• [To do]: Word for word, copy the lines from the one with "Codo mixto 45° PVC encolar-rosca | Cepex" to the last line of the data below, counting both, and keep every picture out.

[Dataset items]

-.-.-

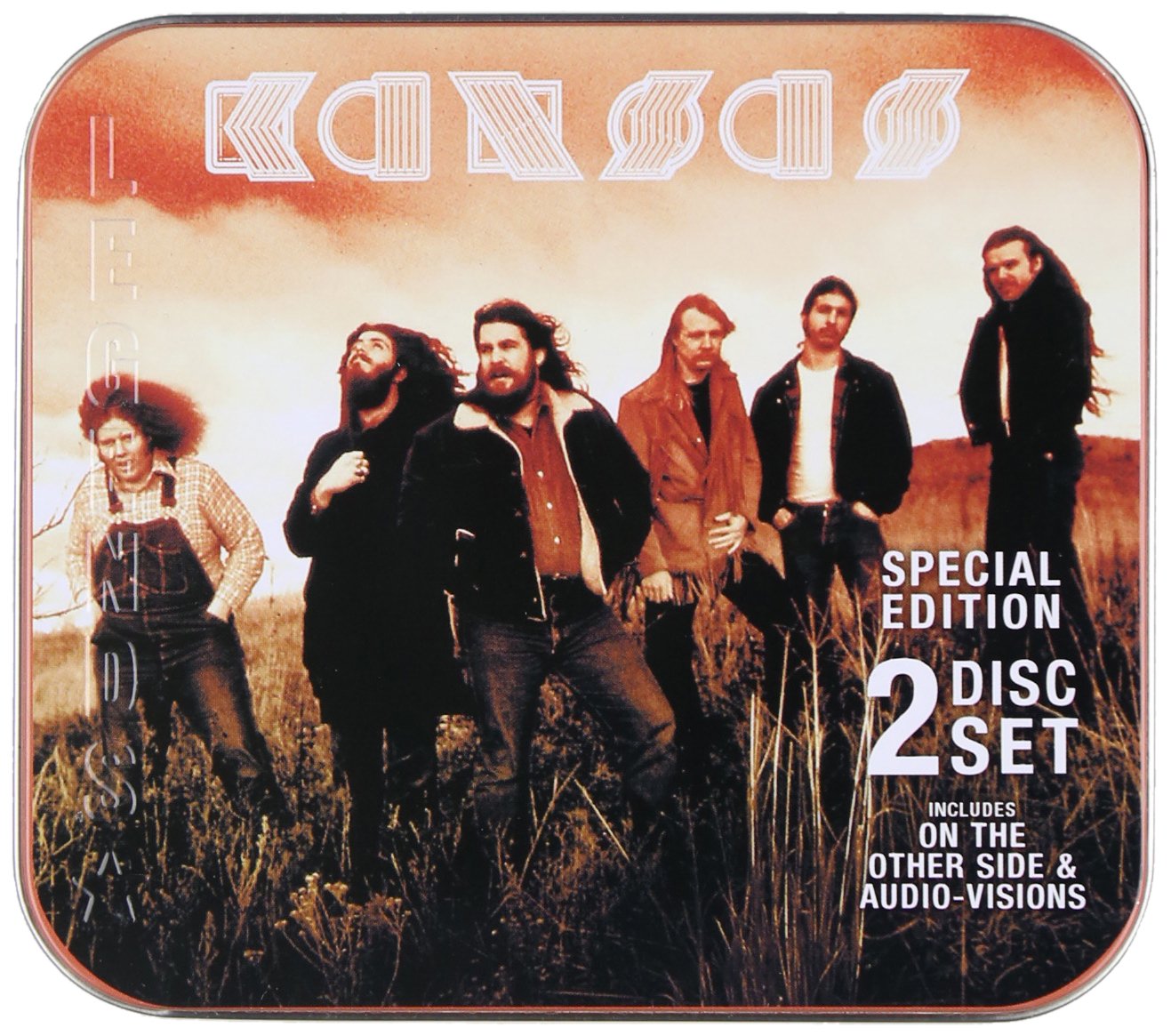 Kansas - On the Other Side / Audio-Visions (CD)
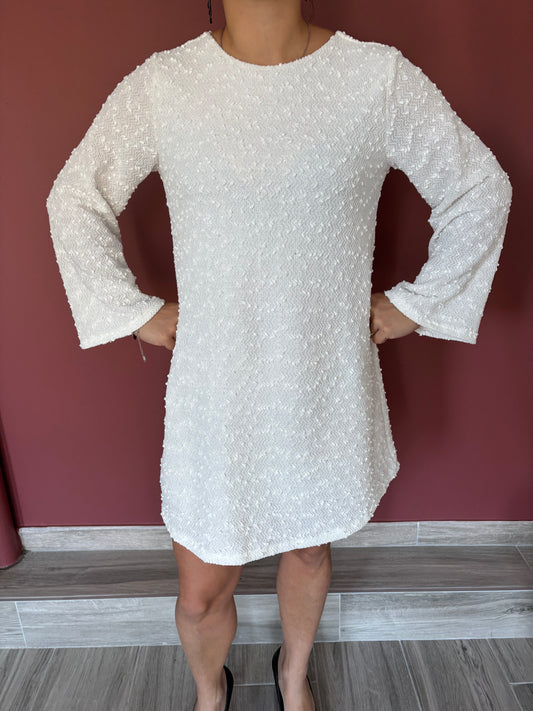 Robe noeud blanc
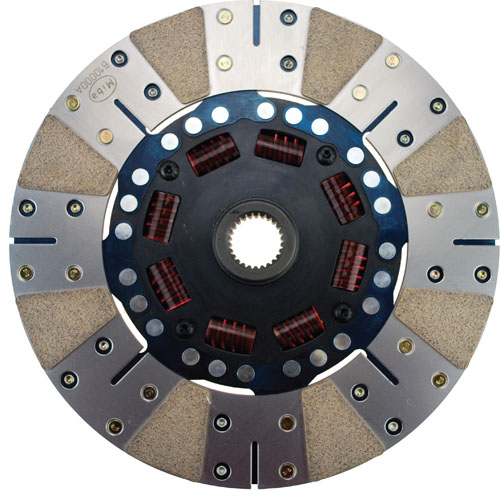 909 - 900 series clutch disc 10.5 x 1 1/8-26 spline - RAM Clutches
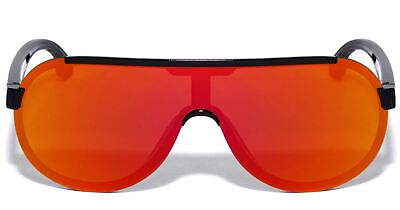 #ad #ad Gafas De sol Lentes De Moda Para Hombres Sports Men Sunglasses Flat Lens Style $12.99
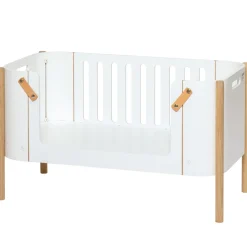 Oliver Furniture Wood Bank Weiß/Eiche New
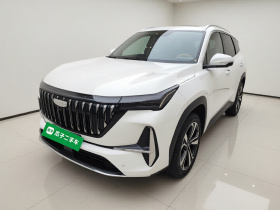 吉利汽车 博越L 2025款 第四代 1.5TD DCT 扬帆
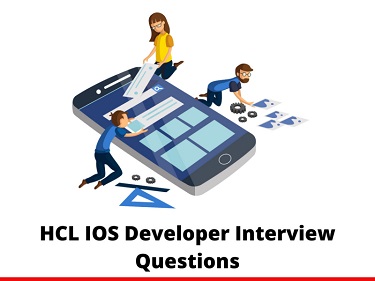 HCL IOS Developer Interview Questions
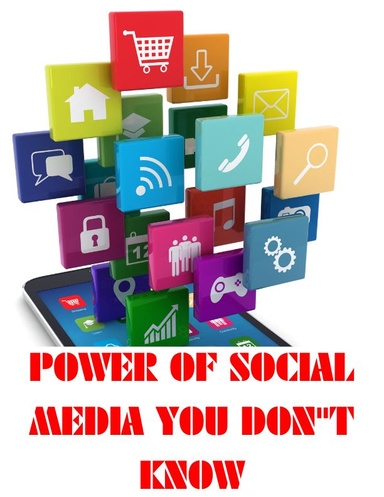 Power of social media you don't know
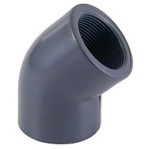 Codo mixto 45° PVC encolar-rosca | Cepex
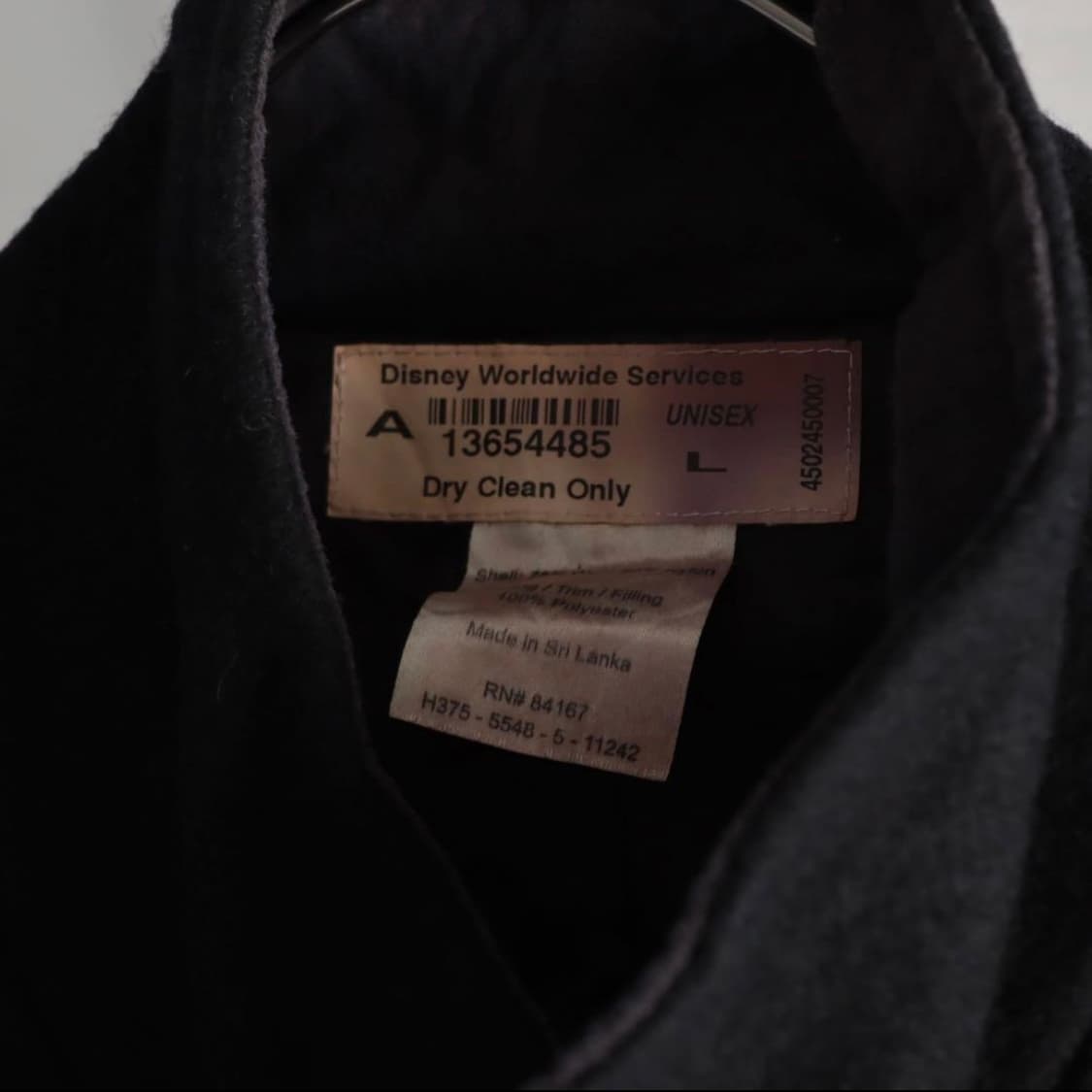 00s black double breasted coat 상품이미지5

-.-.-

• [Solution to this exercise]:
 Codo mixto 45° PVC encolar-rosca | Cepex
 00s black double breasted coat 상품이미지5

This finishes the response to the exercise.